Records from a dataset
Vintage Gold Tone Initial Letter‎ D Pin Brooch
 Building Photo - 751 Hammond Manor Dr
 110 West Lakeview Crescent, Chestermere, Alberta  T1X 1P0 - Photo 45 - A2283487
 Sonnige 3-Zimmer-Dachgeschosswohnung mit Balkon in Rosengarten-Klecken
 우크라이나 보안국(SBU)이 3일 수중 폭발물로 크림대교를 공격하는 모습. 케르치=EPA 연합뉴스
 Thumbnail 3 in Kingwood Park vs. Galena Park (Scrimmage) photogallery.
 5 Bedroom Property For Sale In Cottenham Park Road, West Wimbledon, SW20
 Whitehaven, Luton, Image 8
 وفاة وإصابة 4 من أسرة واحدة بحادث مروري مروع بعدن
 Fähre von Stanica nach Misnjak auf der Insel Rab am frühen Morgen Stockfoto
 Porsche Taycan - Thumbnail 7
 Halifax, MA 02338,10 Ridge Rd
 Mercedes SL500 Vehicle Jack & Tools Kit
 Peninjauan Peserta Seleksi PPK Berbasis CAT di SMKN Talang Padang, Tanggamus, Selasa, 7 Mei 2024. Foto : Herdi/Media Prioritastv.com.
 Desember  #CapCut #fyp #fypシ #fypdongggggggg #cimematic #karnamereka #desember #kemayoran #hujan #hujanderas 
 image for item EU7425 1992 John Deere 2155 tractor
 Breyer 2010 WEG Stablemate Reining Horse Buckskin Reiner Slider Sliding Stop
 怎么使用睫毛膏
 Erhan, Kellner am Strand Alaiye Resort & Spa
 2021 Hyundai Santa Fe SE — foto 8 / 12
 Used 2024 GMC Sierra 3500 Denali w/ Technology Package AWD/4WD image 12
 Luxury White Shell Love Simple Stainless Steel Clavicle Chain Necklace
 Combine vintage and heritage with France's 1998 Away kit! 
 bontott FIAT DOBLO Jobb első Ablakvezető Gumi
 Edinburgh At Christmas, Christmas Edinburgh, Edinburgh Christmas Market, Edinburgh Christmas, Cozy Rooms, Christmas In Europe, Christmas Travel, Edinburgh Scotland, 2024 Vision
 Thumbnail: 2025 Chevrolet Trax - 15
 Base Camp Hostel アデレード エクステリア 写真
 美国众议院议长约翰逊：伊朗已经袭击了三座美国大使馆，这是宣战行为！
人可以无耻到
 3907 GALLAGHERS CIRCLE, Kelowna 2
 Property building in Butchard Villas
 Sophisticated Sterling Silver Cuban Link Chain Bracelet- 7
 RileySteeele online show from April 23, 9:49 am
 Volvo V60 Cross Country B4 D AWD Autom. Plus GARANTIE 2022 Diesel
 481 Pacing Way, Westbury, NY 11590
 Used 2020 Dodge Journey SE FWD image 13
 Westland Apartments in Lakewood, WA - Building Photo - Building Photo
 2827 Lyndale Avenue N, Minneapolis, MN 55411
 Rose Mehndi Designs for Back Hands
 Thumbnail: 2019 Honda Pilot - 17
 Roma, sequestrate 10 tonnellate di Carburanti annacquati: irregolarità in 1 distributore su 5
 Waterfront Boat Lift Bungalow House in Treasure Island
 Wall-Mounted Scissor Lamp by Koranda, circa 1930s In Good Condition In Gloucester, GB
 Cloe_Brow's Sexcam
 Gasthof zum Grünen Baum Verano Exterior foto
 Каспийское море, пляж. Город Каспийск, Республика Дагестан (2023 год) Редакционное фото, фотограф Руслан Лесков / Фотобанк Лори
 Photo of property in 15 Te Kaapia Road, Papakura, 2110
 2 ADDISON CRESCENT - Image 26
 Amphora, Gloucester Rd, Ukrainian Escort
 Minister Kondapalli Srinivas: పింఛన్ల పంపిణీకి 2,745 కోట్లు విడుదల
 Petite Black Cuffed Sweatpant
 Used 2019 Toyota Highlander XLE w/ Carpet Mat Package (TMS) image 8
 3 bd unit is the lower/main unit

• [THE TASK] Each line from the one containing "Amphora, Gloucester Rd, Ukrainian Escort" through the last line of the entries above is to be returned exactly, and no others.

• [ANSWER BELOW]
 Amphora, Gloucester Rd, Ukrainian Escort
 Minister Kondapalli Srinivas: పింఛన్ల పంపిణీకి 2,745 కోట్లు విడుదల
 Petite Black Cuffed Sweatpant
 Used 2019 Toyota Highlander XLE w/ Carpet Mat Package (TMS) image 8
 3 bd unit is the lower/main unit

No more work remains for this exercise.